以前に虫歯が大きくなって、そして痛くなり神経を取って治療した歯なのに、腫れて、膿が出たり、歯がグラグラになった経験はありませんか?
もっとひどくなると顔面が著しく腫れて、抜歯になるケースもあります。どうして治療したところが痛んでしまうのでしょうか?
これには理由があります。神経を抜いて薬を詰める治療を根管治療といいます。根管治療は非常に難しい治療で、日本では成功率が3割〜5割と言われています。米国では根管治療専門の歯科医師がいます。治療もマイクロスコープを使い精密で、成功率は9割と言われいます。
それに対して、日本の歯科医師は一人でなんでも治療しなくてはならず大変です。根管治療法も100年前とほとんど変わらない方法で治療しています。この理由は保険診療の根管治療費用が海外と比べ異常に安いことが原因しています。そして日本では健康保険でできることになっていますから痛みがなければすぐに被せてしまいます。保険では安い根管治療に時間をかけるより被せる治療を早くしたほうが多くの点数、料金を受け取れるからです。
いい加減な根管治療が行こなわれた結果数年後に痛くなり、調べてみると膿がたまり、再治療が必要になり、最悪の場合抜歯になるケースも多くあります。
根管治療は(リーマー・ファイル)という、ヤスリの様な器具で感染した所を削り取り、(ガッタパーチャー・ポイント)というゴムで詰めます。日本の歯科医師はヤスリでは完璧に感染源を取り除くことができず、汚れを奥のほうに押し込んでしまいます。場合によっては、敏感な根の先を破壊してしまうこともあります。

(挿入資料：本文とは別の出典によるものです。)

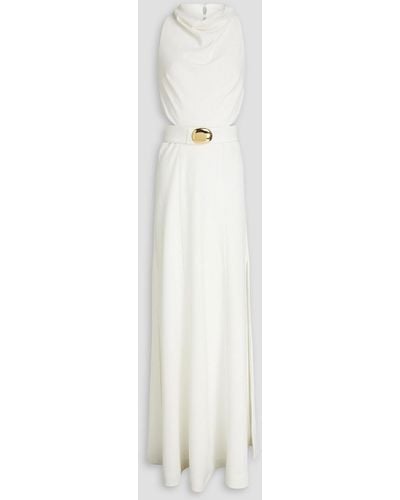 Nicholas Ellianna Belted Cutout Crepe Gown - White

そして、ゴムを詰める方法も、完璧に充填することができず、必ず死腔(デッドスペース)ができてしまう。そこにタンパク質や血液が入り込み腐敗して行きます。
私はペンシルア大学歯内療法大学院卒、米国歯内療法専門医の石井宏先生から指導を受け日本式の根管治療器具ではなく米国式の器具を使用する様になりました。その器具はチタンで出来ており、湾曲した複雑な根の中を回転しながら器械で汚れを外に掻きだしてくれます(Ni-Tiロータリー器具)。下の写真は私が根管治療のために使用しているニッケルチタン製回転器具です。
そして、完璧に汚れを取り除いたところに熱で暖めた流動性のある樹脂を一定の圧力を加えながら充填(Continious Wave Technique)していきます。完璧に充填された根管にはデットスペースは存在しません。 経年変化もありませんから、再治療の必要性はほとんどありません。

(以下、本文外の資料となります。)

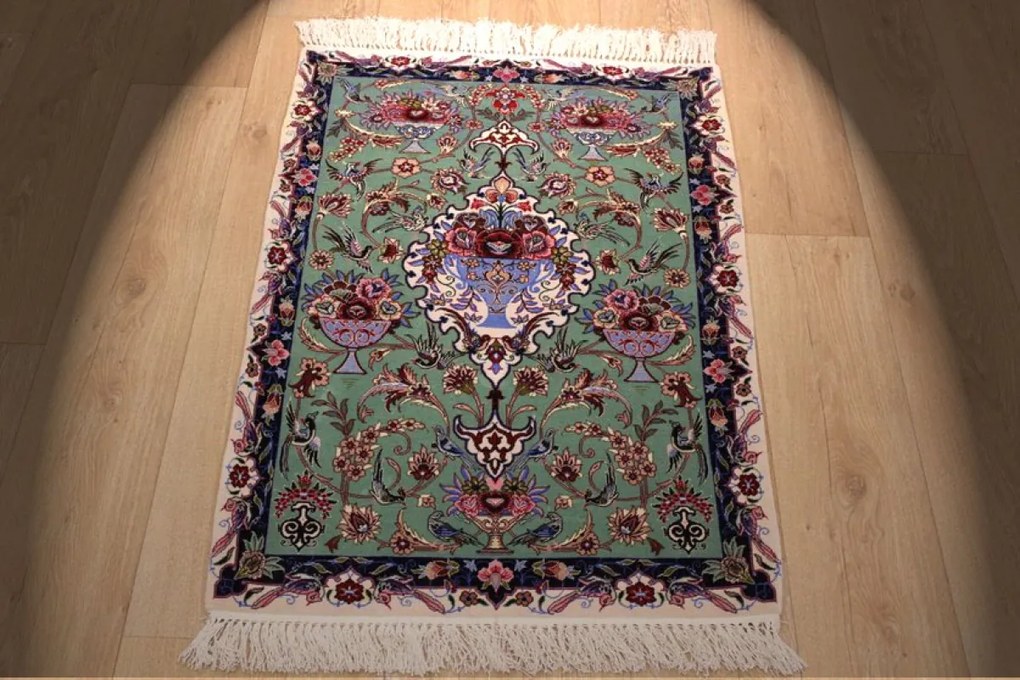Isfahan Tappeto 70 x 110 (Iran) Annodato A Mano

現在この方法はアメリカの歯内療法専門医ではスタンダードな治療方法です。しかし日本ではほとんどの歯科医はこの方法を行っていません。保険診療では高価なので赤字になるからです。
今までの根管治療は目に見えないところの汚れを術者の経験と感を頼りに取り除いていましたが、マイクロスコープの発展に伴い(マイクロエンドドンティクス)、目に見える明視下で治療を行うことが出来るようになりました。
どこの国でも根管治療費用は数万円以上かかるものなのに日本では一万円以下に抑えられています。(保険診療の影響)
日本ではマイクロスコープやニッケルチタンロータリー器具、Continious Wave Techniqueなどを駆使した高品質、高精度な根管治療を自費診療で行える歯科医院はほとんどありません。
このような理由で多くの歯は根管治療がいい加減なため、抜歯されることになります。
米国では、私が指導を受けた先生も含め根管治療専門の歯科医院が開業しています。
精度の高い、マイクロスコープを使用したコンセプトを守った根管治療をすれば9割ほど、ご自身の歯を守り残すことができて何もインプラント治療する必要もなく経済的にも得なはずです。
吉川歯科医院では日々研鑽し米国の専門医と同じような根の治療を行い、みなさまの歯を守ります。